The response must be the exact lines from the line holding "Zarina Vol 3" through the end of the entries, with no pictures and nothing else.

[[ Records supplied open ]]

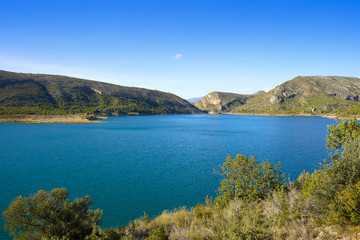 Fototapeta na wymiar Loriguilla Pantano swamp reservoir in Valencia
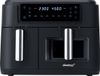 Steba HF9500 DUO dubbele airfryer - 2400 Watt - 6 liter & 3.5 liter - timer - PFAS vrij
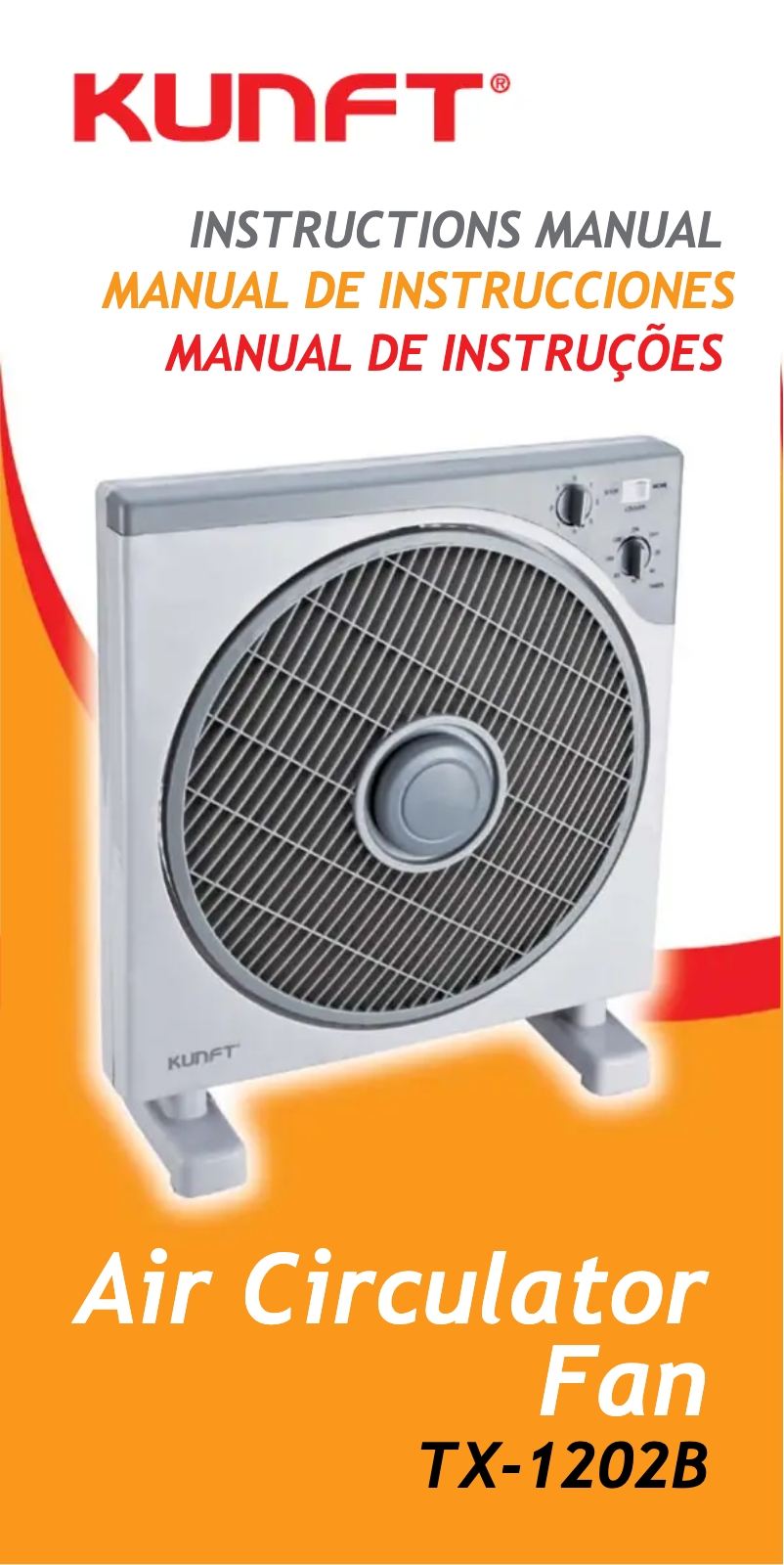 Page n°1 - Manuel utilisateur Kunft TX-1202B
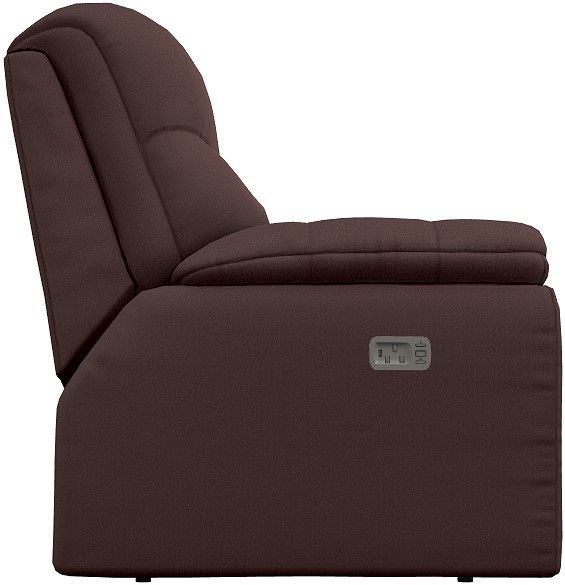 La-Z-Boy® Morrison Burgundy Power Reclining Loveseat with Headrest-2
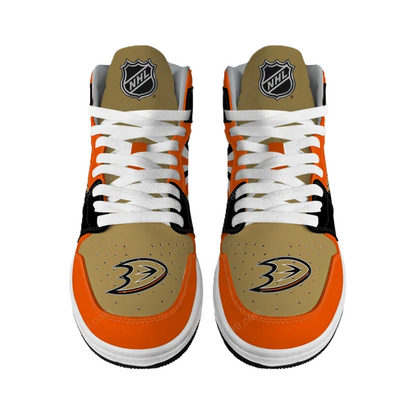 LIMITED EDITION - NEW CUSTOMIZED NHL09 AH DUCKS AIR JORDAN SNEAKERS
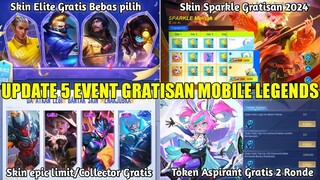 UPDATE 5 EVENT GRATISAN MOBILE LEGENDS 2024! EVENT ASPIRANTS, SKIN SPARKLE GRATIS, SKIN ELITE GRATIS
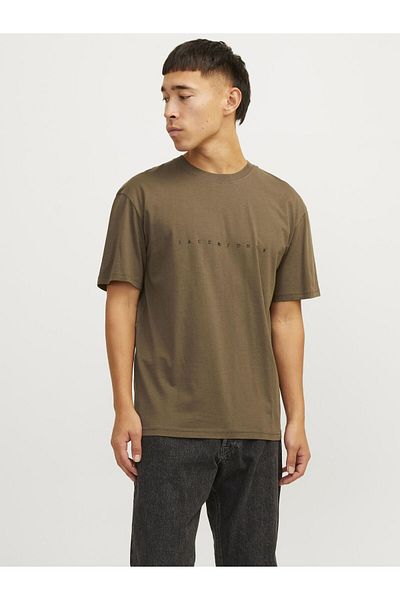 Jack & Jones T-Shirt Logo Rundhals-T-Shirt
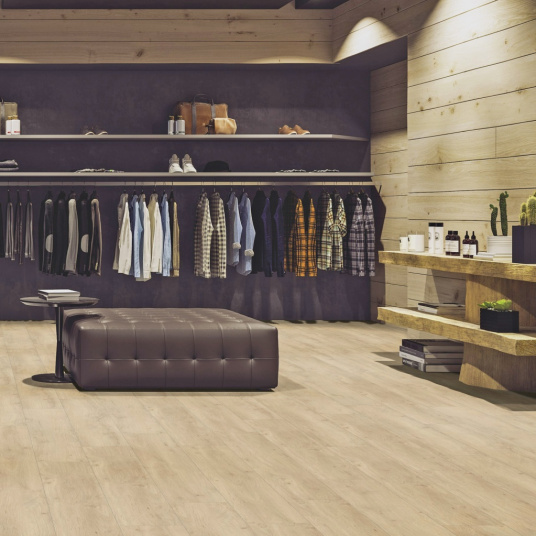 Lame vinyle Gerflor - Creation 55 rigid acoustic à clipser - spécial rénovation - Twist - boutique de vêtements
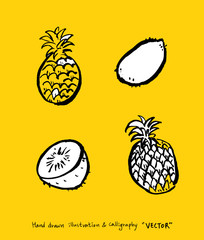 농산물 일러스트 / 손으로 그린 과일과 채소 그림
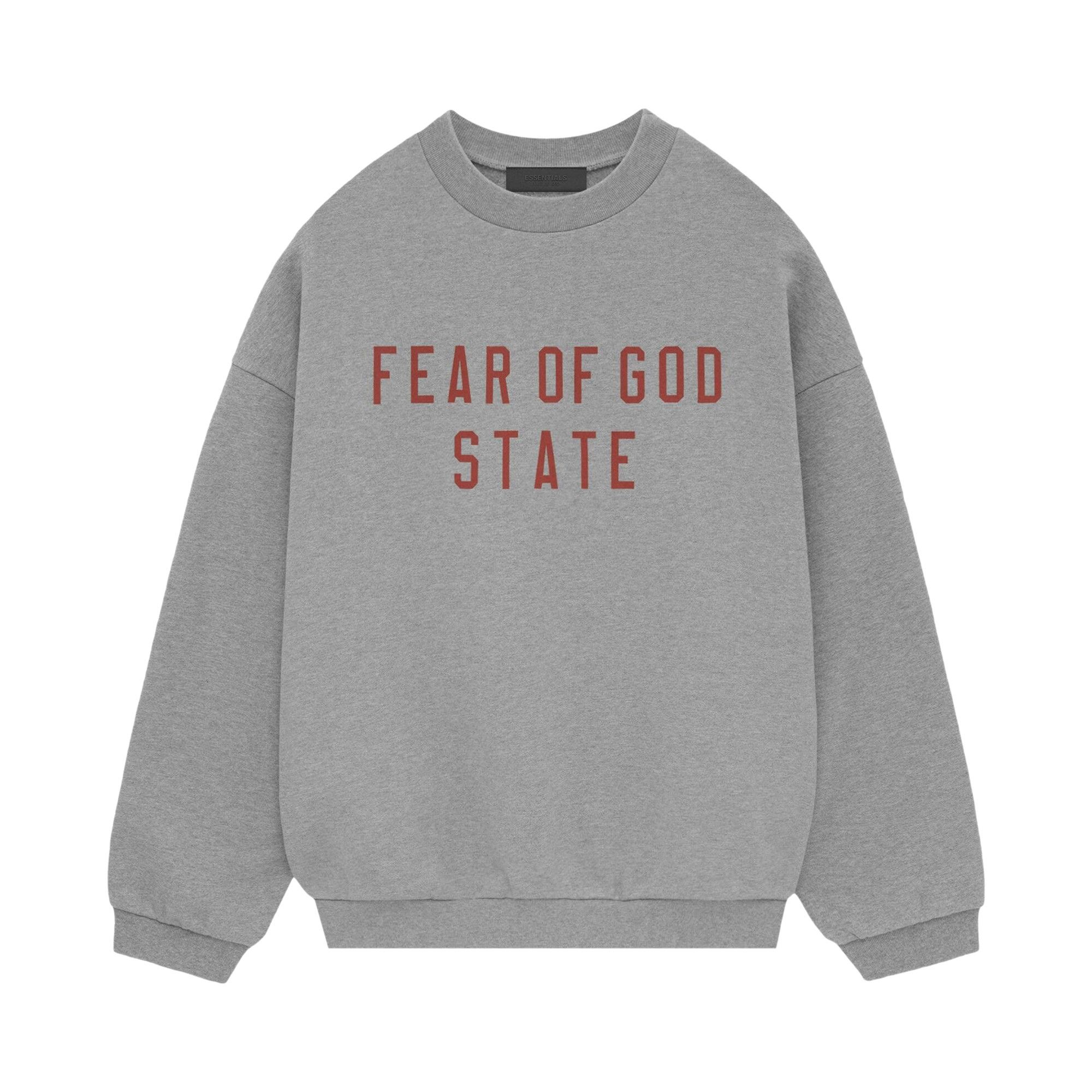 Fear of God Essentials Fleece Crewneck 'Dark Heather' - 1
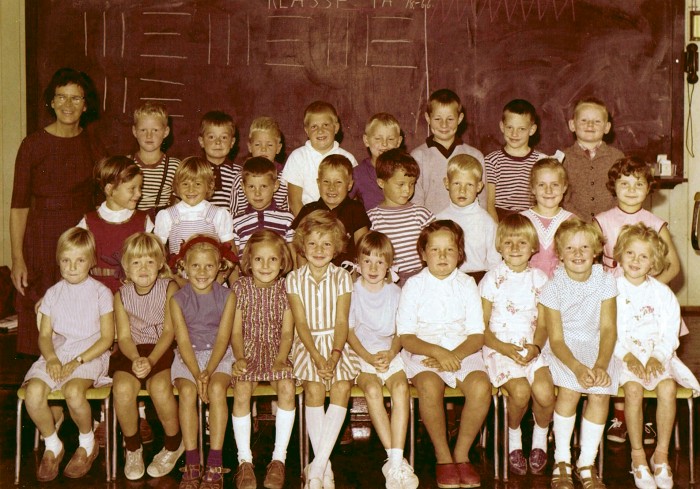 Klasse 1a 1966/67 på Vinderen skole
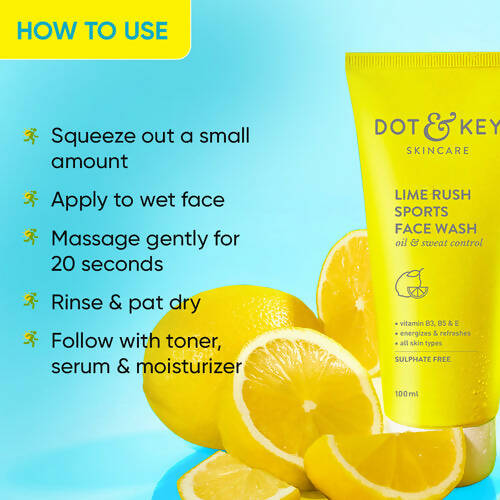Dot & Key Lime Rush Sports Face Wash | Grocsy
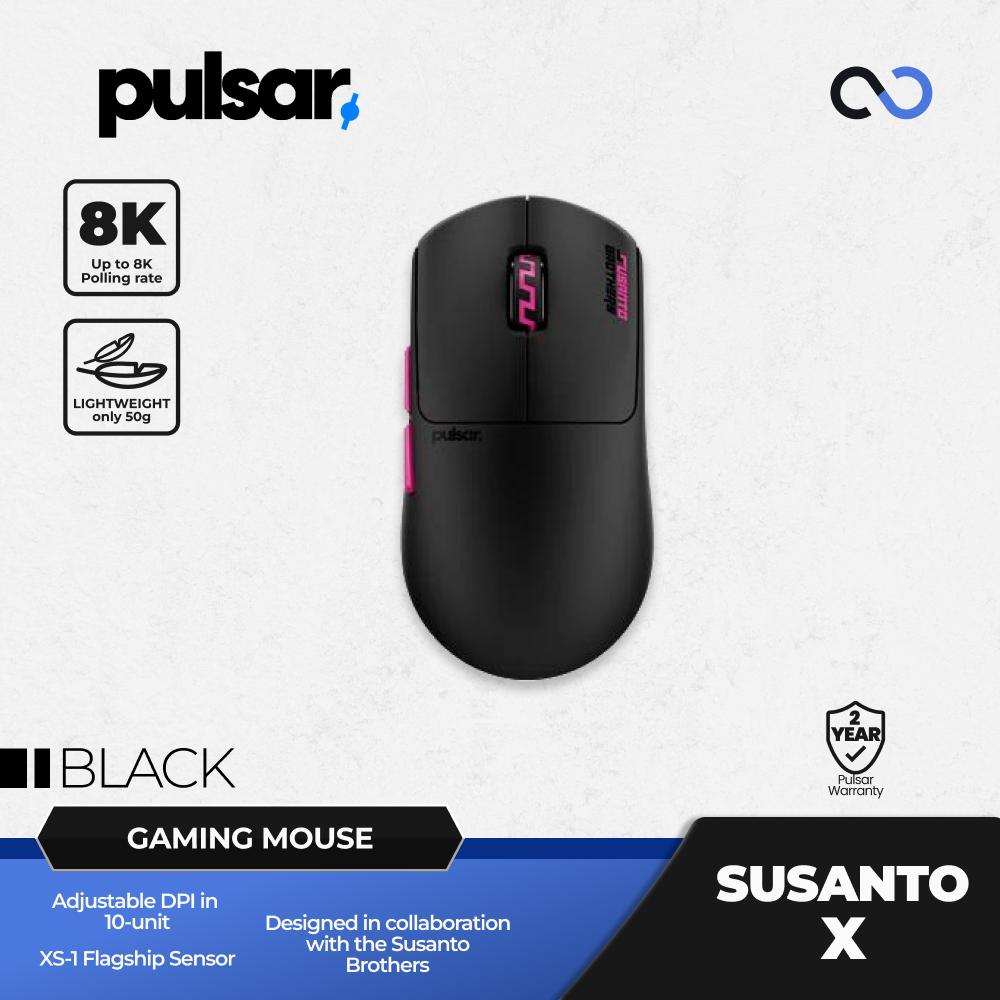 PULSAR Susanto-X Wireless Ambidextrous Ultra Light XS-1 Gaming Mouse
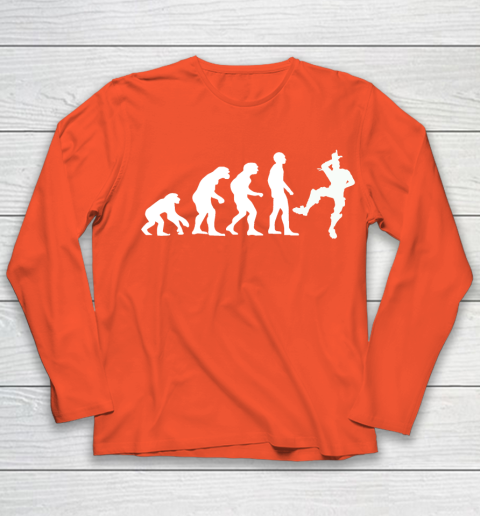 Fortnite Tshirt Human Evolution Take That L Emote Dance Youth Long Sleeve 3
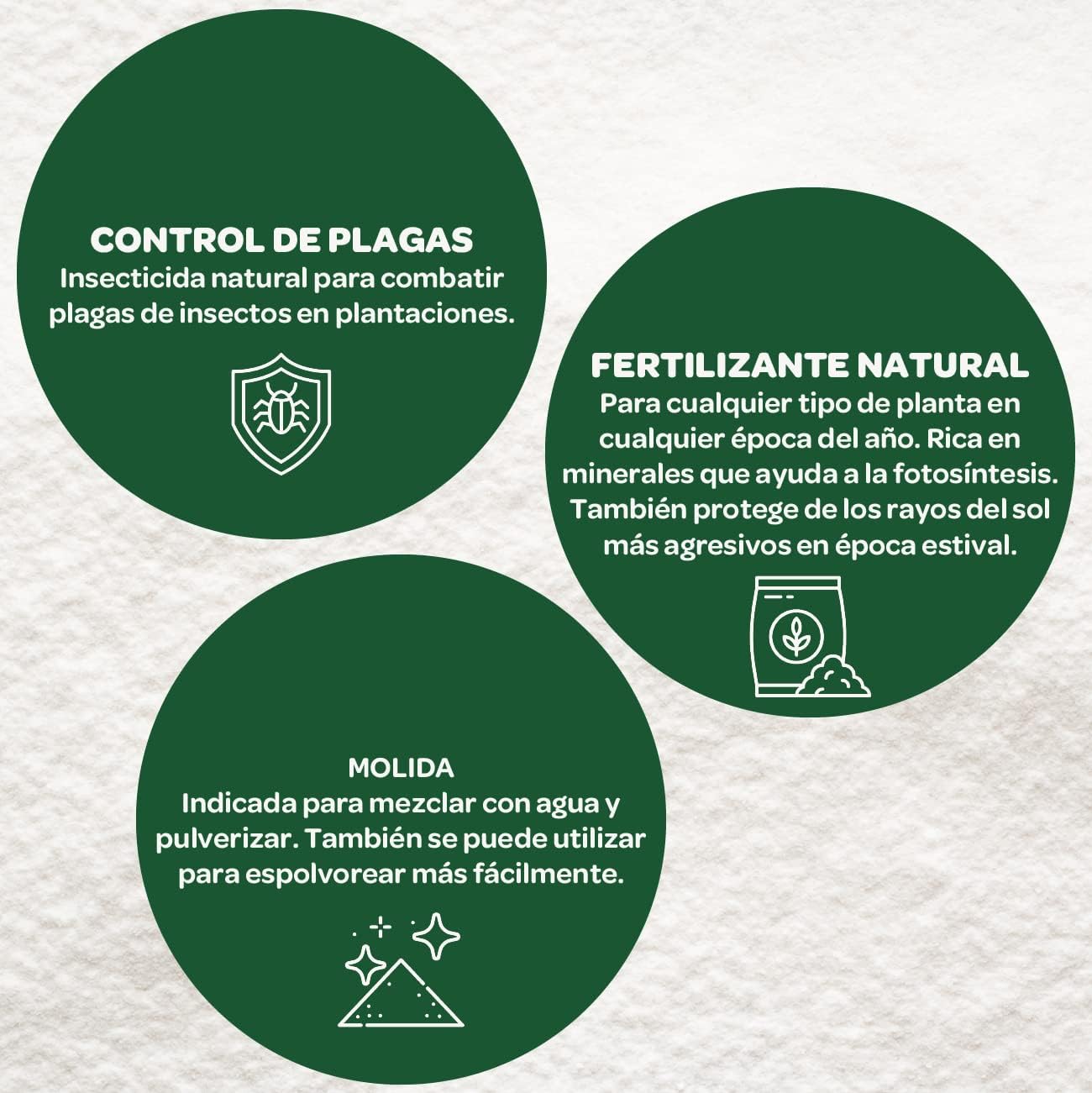 Tierra diatomea molida Natural, múltiples usos, Tratamiento eficaz contra Insectos y Fertilizante Natural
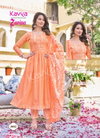 Zarina Vol 3 By Kavya Naira Cut Cotton Kurti With Bottom Dupatta Wholesale Market In Surat
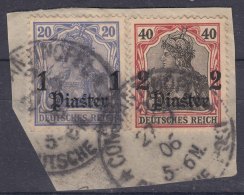 Germany Offices In Turkey 1905 Issues, Multiple Cut Square - Turquie (bureaux)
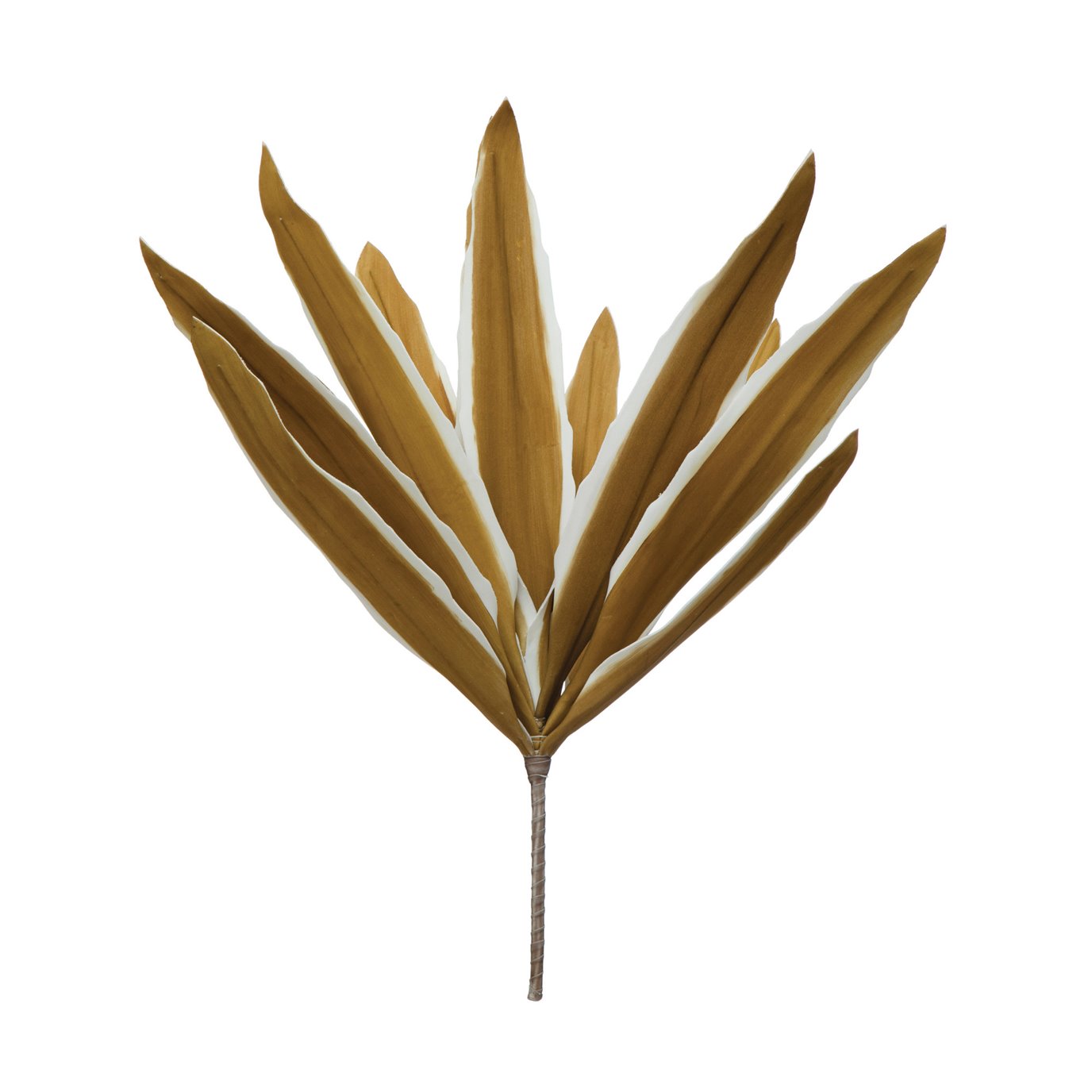 Faux Reed Leaf Stem, Chartreuse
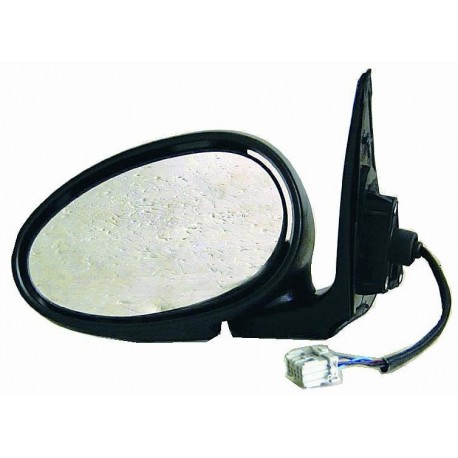 Retrovisore elettrico termico nero sx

[[ Records supplied closed ]]

Task answer:
 Zarina Vol 3 By Kavya Naira Cut Cotton Kurti With Bottom Dupatta Wholesale Market In Surat
 Germany Offices In Turkey 1905 Issues, Multiple Cut Square - Turquie (bureaux)
 Faux Reed Leaf Stem, Chartreuse
 Retrovisore elettrico termico nero sx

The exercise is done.